## WHAT IS REQUIRED:
Only one span of the material below is wanted. Output it exactly, from the line with "vanzarile de albume" through the line with "Are Laptop Tote", without any pictures.

## RECORDS SHOWN:
---*---

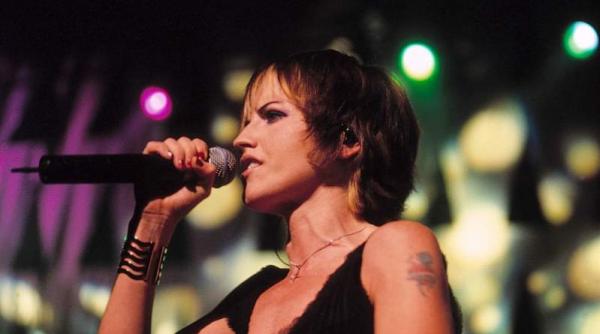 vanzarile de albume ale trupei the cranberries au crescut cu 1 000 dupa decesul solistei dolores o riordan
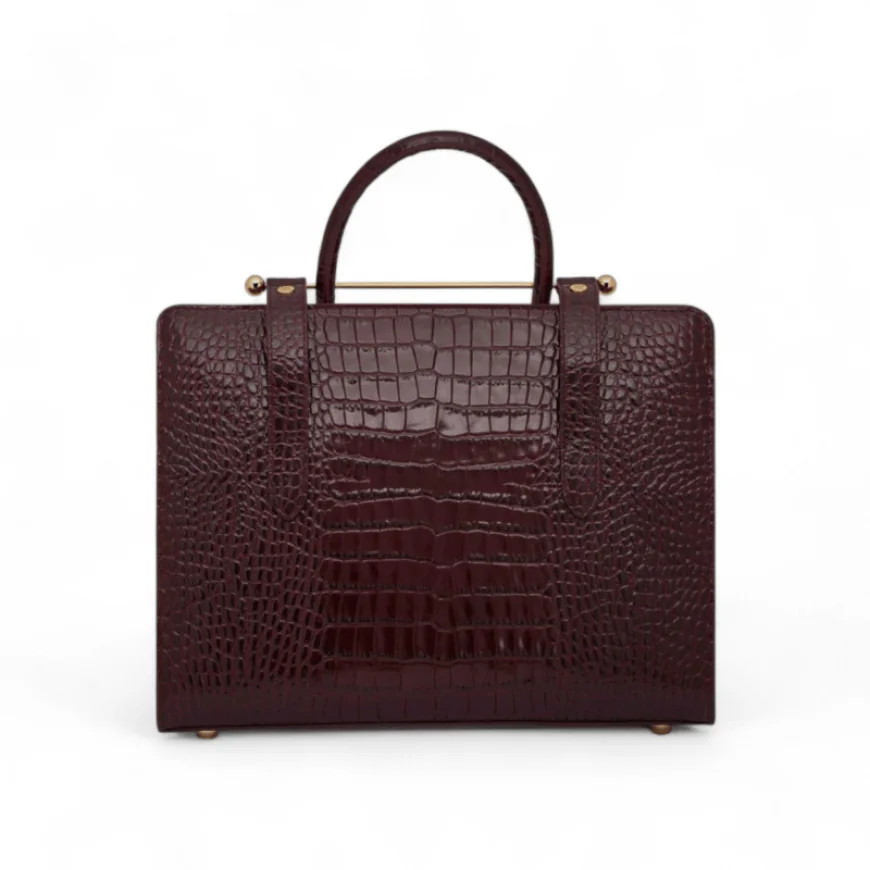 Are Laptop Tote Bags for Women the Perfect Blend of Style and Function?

---*---

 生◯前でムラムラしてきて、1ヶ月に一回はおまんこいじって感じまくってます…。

---*---

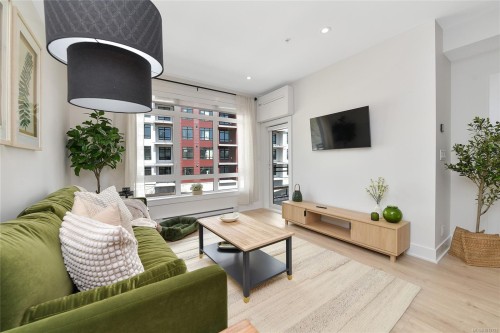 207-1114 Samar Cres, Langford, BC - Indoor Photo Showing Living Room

---*---

## TASK SOLUTION:
 vanzarile de albume ale trupei the cranberries au crescut cu 1 000 dupa decesul solistei dolores o riordan
 Are Laptop Tote Bags for Women the Perfect Blend of Style and Function?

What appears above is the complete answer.